MDA director Eli Bin argued that UH refuses to use its smartphone application for transmitting information on the whereabouts and condition of the injured and sick who need help. He said his organization insists on one app so that sensitive information not “leak” to others. UH, he charged, built its own app as a strategy to destroy MDA.”
But UH founder and president Eli Beer argued that MDA refuses to share information with it, “even endangering life” as a result, and that its own application is “much more advanced” than MDA’s.

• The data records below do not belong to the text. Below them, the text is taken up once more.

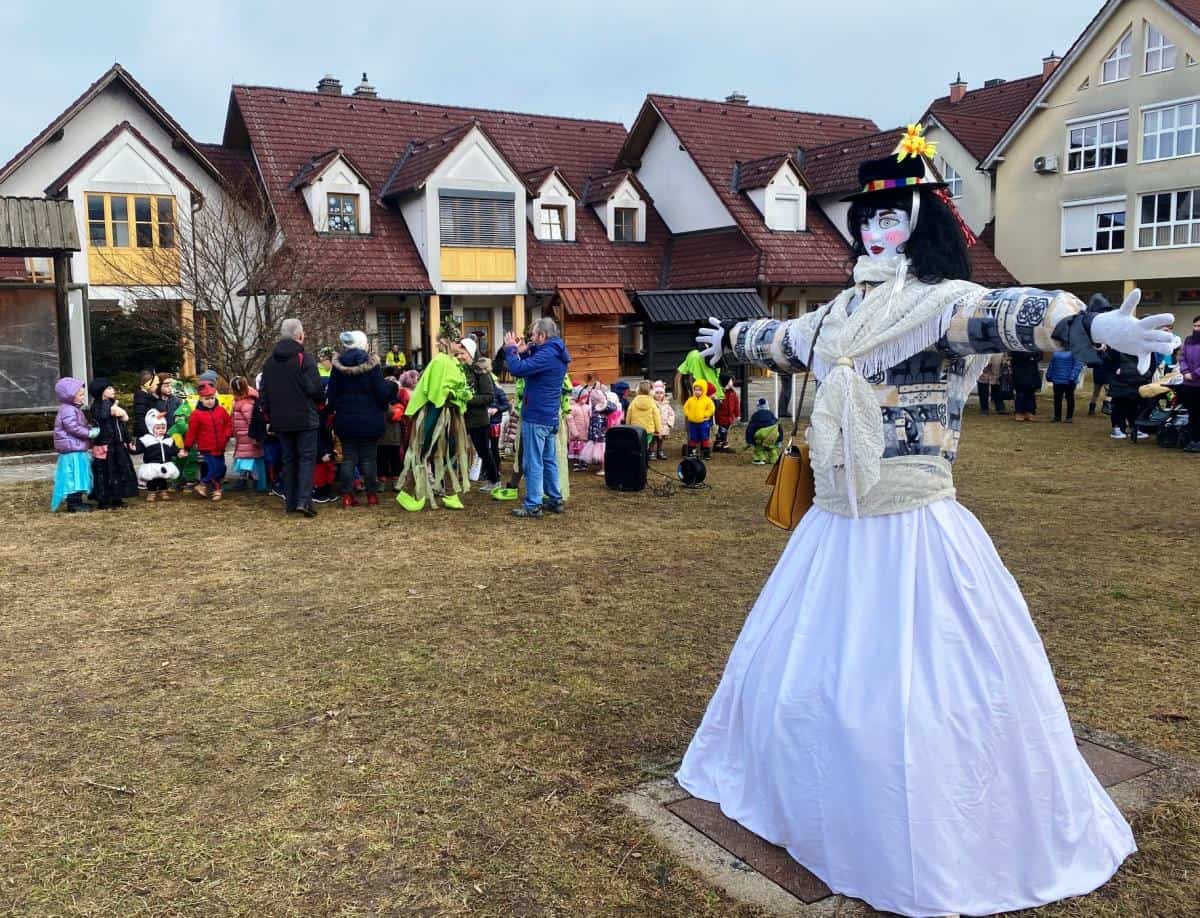 Starka zima, ki kliče pomlad in odganja zimo v Kotljah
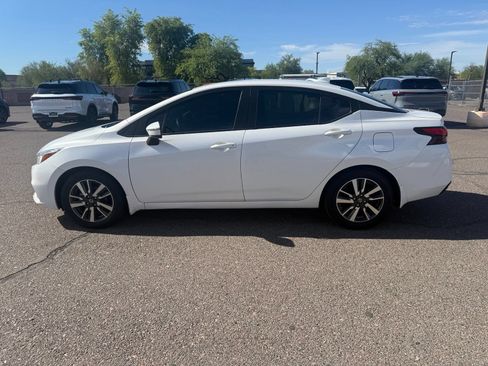 Certified 2021 Nissan Versa SV FWD image 8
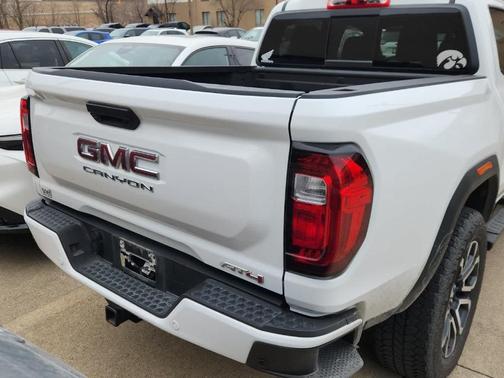 2024 GMC Canyon AT4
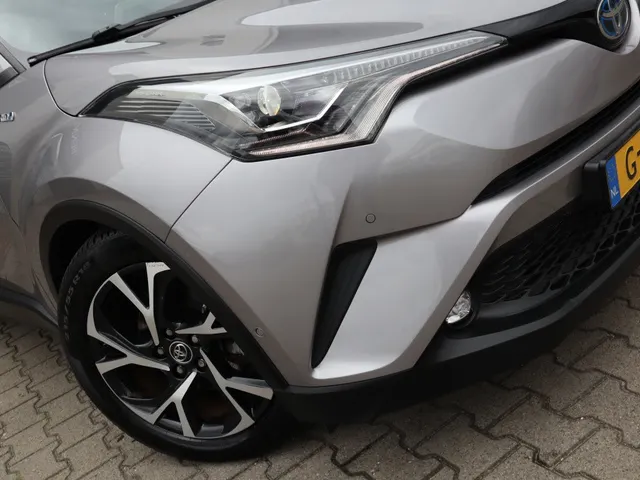 Toyota C-HR 1.8 Hybrid Style Ultimate Blindspot | Stoel en stuurverwarming | All seasons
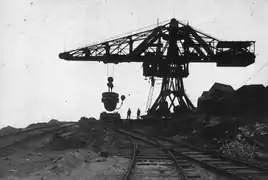 Dépôt des scories dans un crassier, vallée de la Meuse.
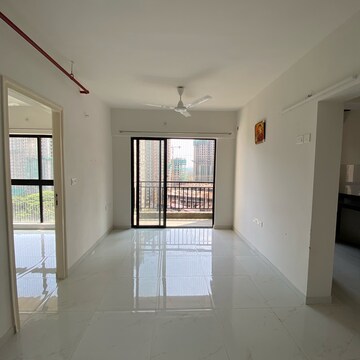 Room in 1.5 BHK Apartment at Runwal Gardens Phase 3, Kalyan Shilphata Road – for Rent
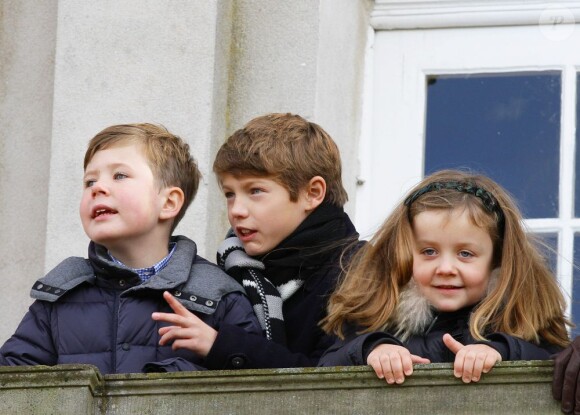 Les princes Felix (10 ans) et Christian (7 ans) de Danemark, ainsi que la princesse Isabella (5 ans) assistaient le 4 novembre 2012 avec leur grand-père le prince Henrik à l'édition 2012 de la chasse Hubertus (Hubertusjagt), au palais Eremitage, dans la forêt Dyrehaven.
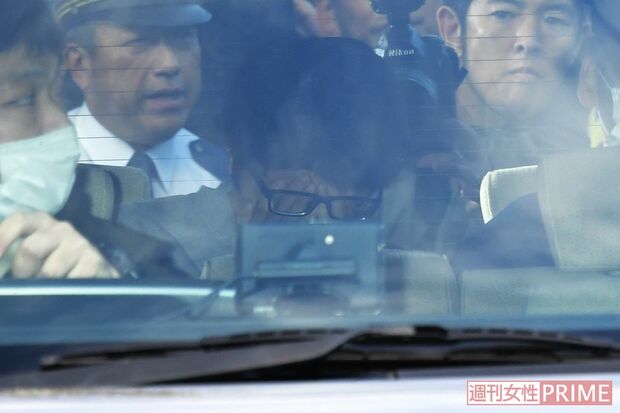 送検時、両手で顔を隠し最後まで顔を見せなかった白石容疑者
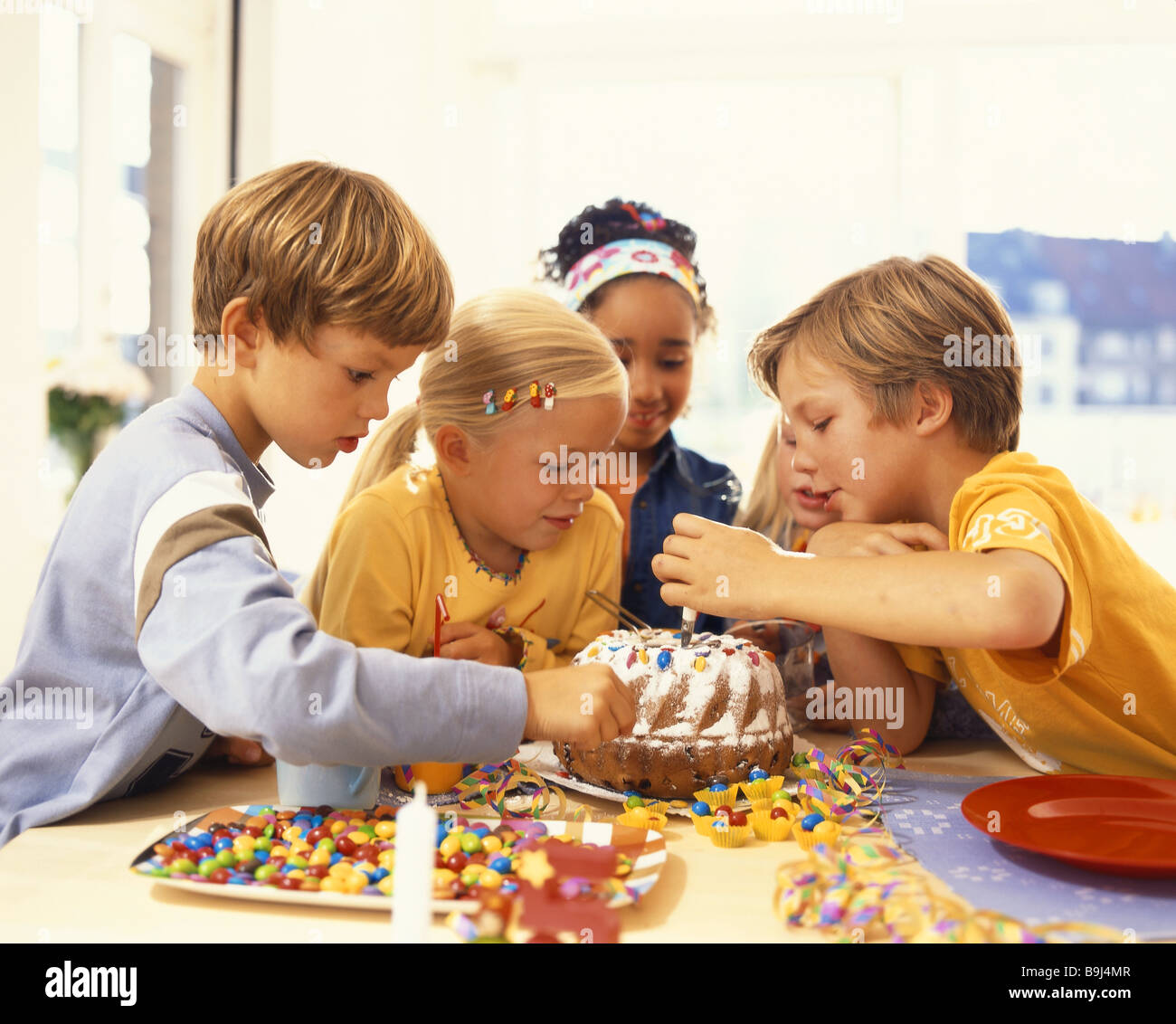 People group boys girl hi-res stock photography and images - Alamy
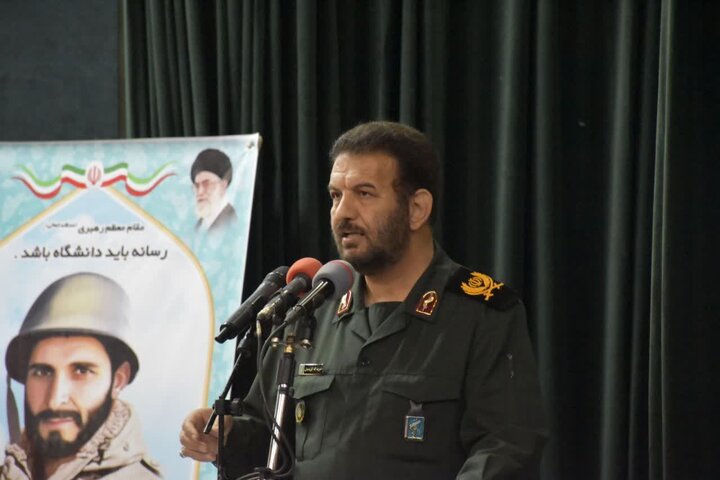 اگر امروز در جهان حرف برای گفتن داریم و به قدرت بازدارندگی بی‌نظیر رسیده‌ایم به برکت خون شهداست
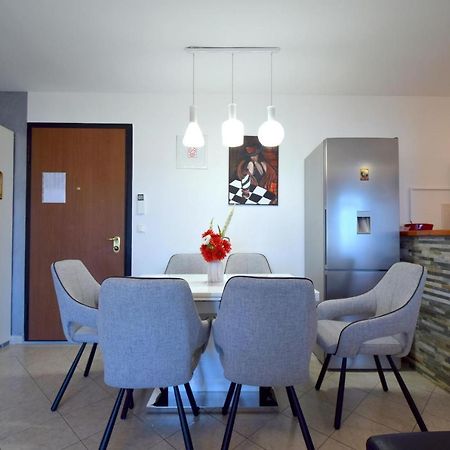 Apartment Lucy مالينسكا المظهر الخارجي الصورة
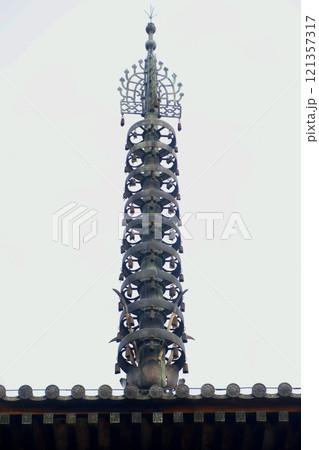 法隆寺・五重塔・九輪（奈良県・斑鳩町） 121357317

Beer added: “MDA wants to maintain its monopoly on saving lives and control all of our volunteers. That is why they are asking for us to hand over a list of all of our volunteers. It is much to my chagrin that this is costing people their lives.”
United Torah Judaism MK Uri Maklev said: “It is imperative that there be harmonious cooperation between these two organizations.” MK Michael Malkieli (Shas) added: “The two organizations need to sit in the same room and stay there until white smoke rises from the skylight and the issues regarding the sharing of information are settled once and for all.”
UTJ MK Moshe Gafni agreed, saying “This saga has got to end. I wanted to create a unified dispatch and command center, but MDA staunchly refused. They were the only ones to do so. If I were Eli Bin, I would embrace United Hatzalah. This situation, in which MDA closes itself off and is entrenched in its attitude cannot be allowed to continue.”
Yaakov Agabba from Or Yehuda told the committee that his father died from a heart attack after having waited a long time for the MDA ambulance to arrive. “You are playing around with people’s lives,” he shouted. “There is no possible way that you can understand the pain I feel. I only wanted my father to be saved. I don’t care who saved him, just that he would be saved.”
Rotem Mizrachi from Holon had a similar story. She said her father died “when an ambulance took a long time to arrive and UH was never notified of the incident. I’m a Magen David Adom orphan.
Due to the games that MDA has been playing and their egoistic attitude, my father died. He lived 28 feet from an MDA ambulance station in Jerusalem, but that didn’t help him at all.”